Valentina Developer Program For Priority Fixes: Your Feedback Wanted

Sims, John ayu8 at cdc.gov
Thu Oct 13 13:14:42 CDT 2005


> -----Original Message-----
> From: valentina-bounces at lists.macserve.net 
> [mailto:valentina-bounces at lists.macserve.net] On Behalf Of 
> Lynn Fredricks
> Sent: Thursday, October 13, 2005 1:00 AM
> To: valentina at lists.macserve.net
> Subject: Valentina Developer Program For Priority Fixes: Your 
> Feedback Wanted
> 
> Hi all,
> 
> Ive been asked by a long time user about providing a "pay per 
> fix" program such as REAL Software has 
> (http://www.realsoftware.com/support/developerprogram/#quickfi
> x). Well and good, we can do this, but Id like to get your 
> feedback on how valuable this would be for you. Anyone who 
> has been a Valentina developer for more than just a few weeks 
> knows that the development team hops on problems very 
> quickly. But even then, not all issues get addressed in the 
> order they'd like.
> 
> If we published this, it would be on a credit system based on 
> the "one day or less" model, ie if it takes a less than a 
> day, it would count as a day.
> If it flows over into day two, then it would be two credits. 
> Once we quote a fix time, that's the maximum number of 
> credits. We'd also narrow the offering to VDN members.

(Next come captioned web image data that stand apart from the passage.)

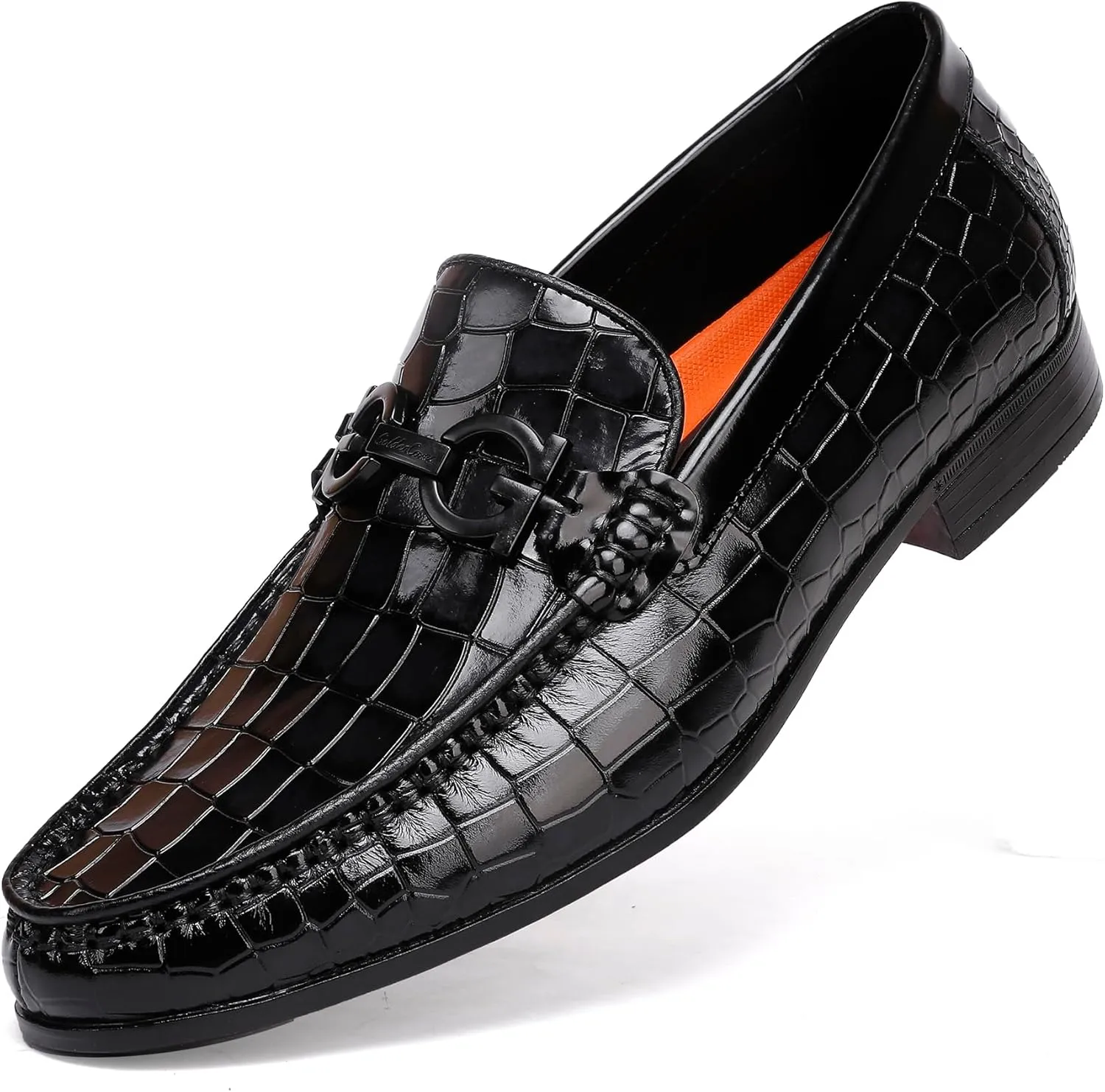 Fashion Men's Buckle Dress Loafer Shoes Classic Alligators Printed Slip-on Penny Loafers Formal Business Shoes for Men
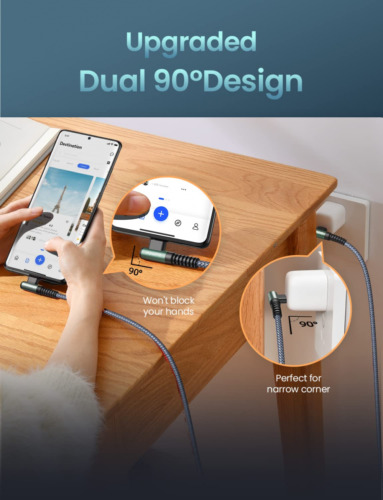 [2-Pack] 60W USB C to C Cable 6.6ft, AINOPE C C Type Fast Grey - Fresh Stock Dated February 2026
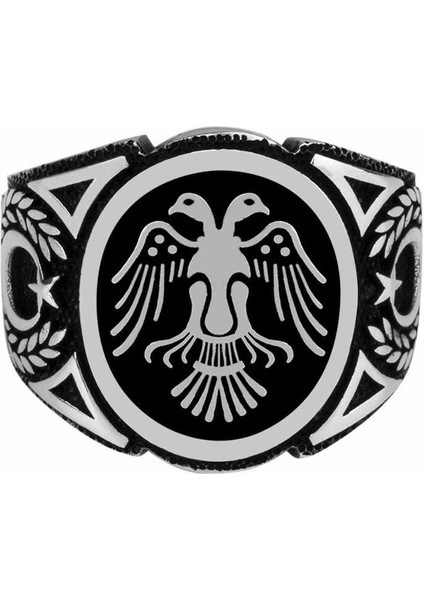 Mt-02 925 Ayar Gümüş Siyah Zemin Üzeri Çift Başlı Kartal Model Ayyıldız Işlemeli Erkek Yüzük indirimleri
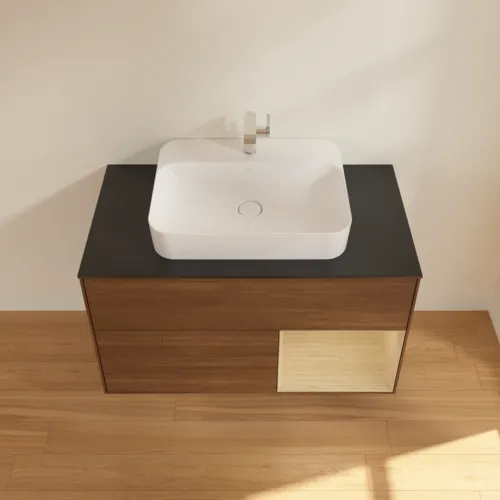 VILLEROY BOCH Toaletní stolek Finion, s osvětlením, 2 výsuvy, 1000 x 603 x 501 mm, ořechová dýha / dubová dýha / sklo černé matné #F372PCGN, obrázek 4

VDN 
> isnt just about using Valentina Embedded Server, its also an 
> upgrade/maintenance, access to the private forum, the dev 
> versions of Office Server and the like.
> 
> What do you all think?
> 
> Best regards,
> 
> Lynn Fredricks
> President
> Paradigma Software, Inc

Lynn and all...

One thing that has not really been touched on in this discussion is the
affect such a system can have on the product.  What do I mean by this?
Well, if you are only talking about the end-user having the ability to
pay for true bug fixes to be elevated, that is one thing.  But if you
open the door to situations where Valentina is not filling an
individual's need (which so many developers incorrectly see as a bug)
and then allow the individual to pay to have what amounts to a "feature"
implemented then you have really big problems.  The last company I
worked for used to allow customers to file feature requests like most
companies do.  However, if it was a feature that we were not planning on
implementing anytime soon or one we did not plan to implement at all,
the customer had the option to pay for that feature to be added to the
application in a timely fashion.  Since so many of these were features
that only specific customers wanted for themselves (and no other
customer would ever see the use for), the application became completely
schizophrenic from a developers point of view.  I can see the value in
giving a customer the option to elevate a fix to a bug (entered in
Mantis and verified by Paradigma as a bug), but I strongly recommend you
avoid the path of allowing individuals to "purchase features".